This repository contains the code and documentation for the Subgenre Classification of Goodreads Fantasy Book Reviews using advanced topic modeling techniques. The goal of this project is to classify Goodreads fantasy reviews into predefined subgenres, leveraging various topic modeling algorithms, including Non-Negative Matrix Factorization (NMF), Latent Dirichlet Allocation (LDA), and BERTopic.
- Research Objective
- Dataset Description
- Models Used
- Analysis Workflow
- Results
- Visualizations
- Future Research
The objective of this research is to accurately classify Goodreads fantasy book reviews into one of the predefined subgenres by applying advanced topic modeling techniques.
The models used include:
- Non-Negative Matrix Factorization (NMF)
- Latent Dirichlet Allocation (LDA)
- BERTopic (transformer-based embeddings and clustering)
The dataset used for this analysis consists of over 3.4 million reviews from the Fantasy & Paranormal category on Goodreads. The data can be accessed and downloaded from the following link: Goodreads Datasets. After cleaning and preprocessing, we worked with a subset of 2 million English-language reviews.
NMF is a matrix factorization technique used to uncover latent topics in the dataset by decomposing term-frequency-inverse-document-frequency (TF-IDF) matrices. NMF was applied with 10 components to identify latent subgenres.
LDA is a generative probabilistic model that assumes each document is a mixture of topics, and each topic is a mixture of words. It was applied to a dictionary and corpus built from the cleaned text data.

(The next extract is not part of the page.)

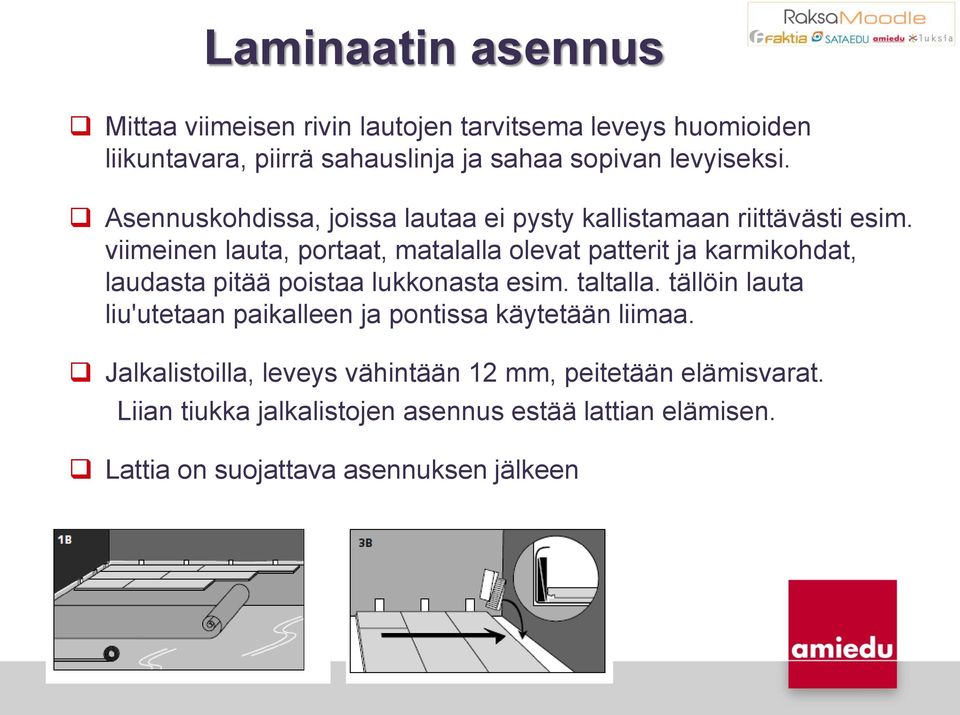 viimeinen lauta, portaat, matalalla olevat patterit ja karmikohdat, laudasta pitää poistaa lukkonasta esim. taltalla.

BERTopic uses transformer-based embeddings and clustering algorithms to uncover topics within text data. We used the paraphrase-MiniLM-L3-v2 Sentence Transformer for embeddings and optimized the process with PCA and MiniBatchKMeans for dimensionality reduction and clustering.
- Data Preparation: Text was preprocessed by cleaning, removing stop words, and filtering non-English reviews. Reviews were represented using the cleaned text.

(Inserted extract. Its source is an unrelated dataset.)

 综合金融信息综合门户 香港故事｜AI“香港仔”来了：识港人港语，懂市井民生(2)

- Modeling: NMF, LDA, and BERTopic were applied to the cleaned text to extract topics.
- Subgenre Classification: Each topic was compared to a predefined subgenre dictionary, and labels were assigned using cosine similarity.

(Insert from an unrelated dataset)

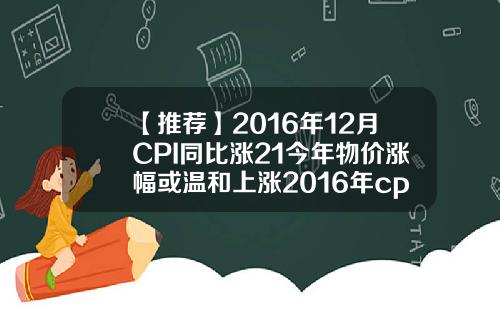 【推荐】2016年12月CPI同比涨21今年物价涨幅或温和上涨2016年cpi多少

- Results Interpretation: Subgenres were validated by analyzing the top words of each topic and cross-referencing them with the predefined subgenre dictionary.
- Top Subgenres: The most prominent subgenres were "Slice of Life," "Suspense and Mystery," "Romantic Adventure," "Literary Collections," and "Opinions."
- BERTopic Performance: BERTopic demonstrated the highest accuracy in aligning topics with subgenres. An extra "final label" column was generated based on BERTopic if no consensus was reached across models.
Genre | Number of Reviews |
---|---|
Slice of Life | 1,179,579 |
Suspense and Mystery | 193,373 |
Romantic Adventure | 189,319 |
Literary Collections | 146,040 |
Opinions | 112,881 |
Number of reviews where all labels are the same: 270,069
Potential areas for further research include expanding the dataset to include book abstracts and experimenting with other transformer models to improve the accuracy of topic and subgenre classification.